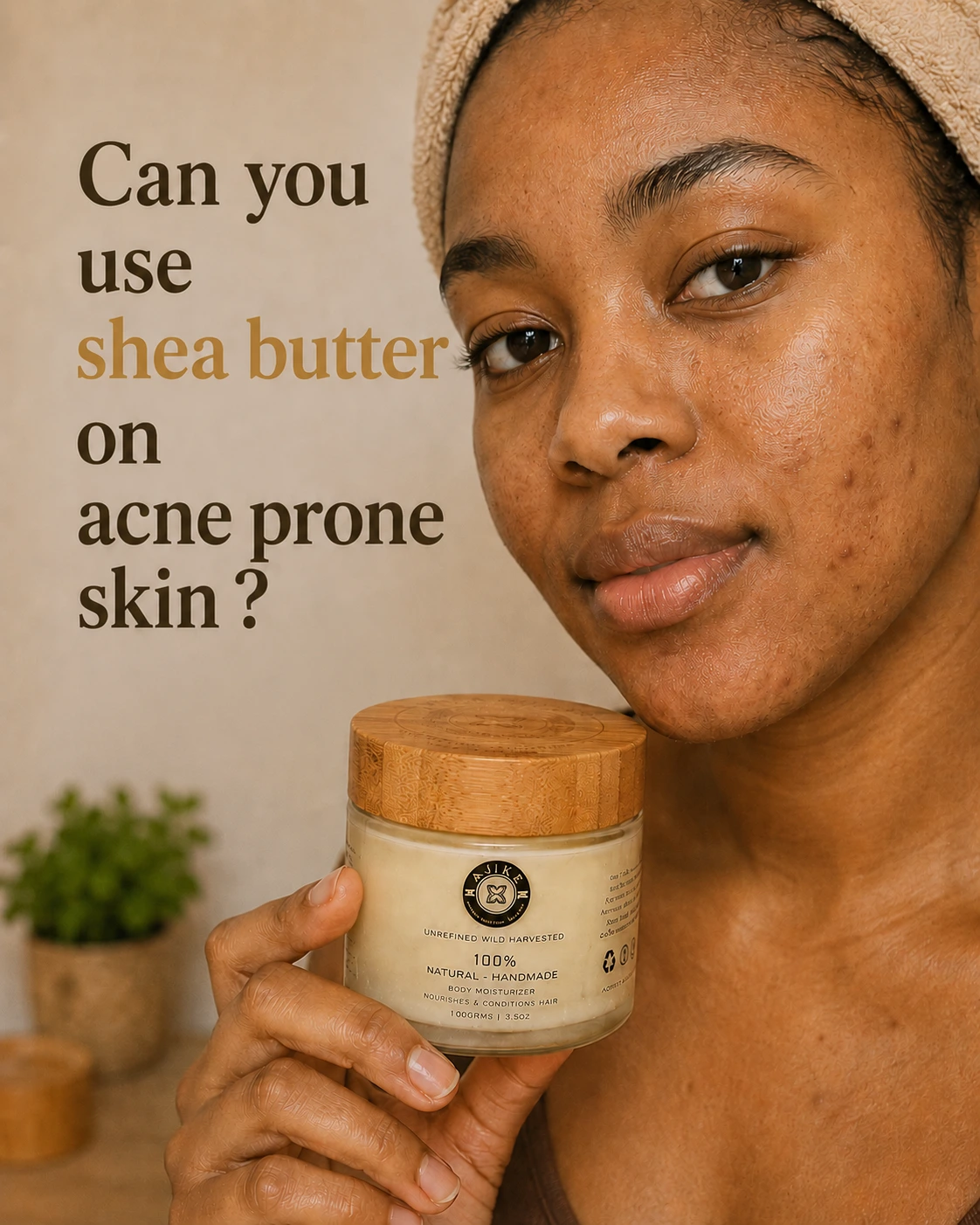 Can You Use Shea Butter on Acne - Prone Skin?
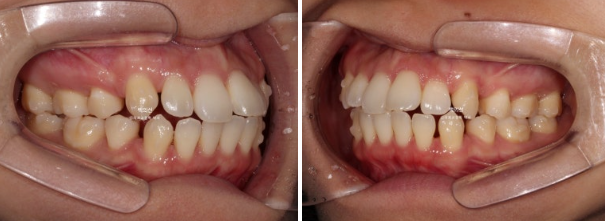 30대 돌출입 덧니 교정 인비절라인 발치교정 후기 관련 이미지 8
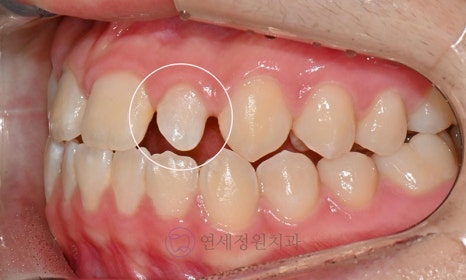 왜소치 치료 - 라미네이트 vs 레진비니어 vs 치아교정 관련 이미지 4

□ □ □ □ □ □ □

▶ _Problem to work on_
Print the whole listing again exactly, please. No pictures.

▶ _Result of the exercise_
 Can You Use Shea Butter on Acne - Prone Skin?
 30대 돌출입 덧니 교정 인비절라인 발치교정 후기 관련 이미지 8
 왜소치 치료 - 라미네이트 vs 레진비니어 vs 치아교정 관련 이미지 4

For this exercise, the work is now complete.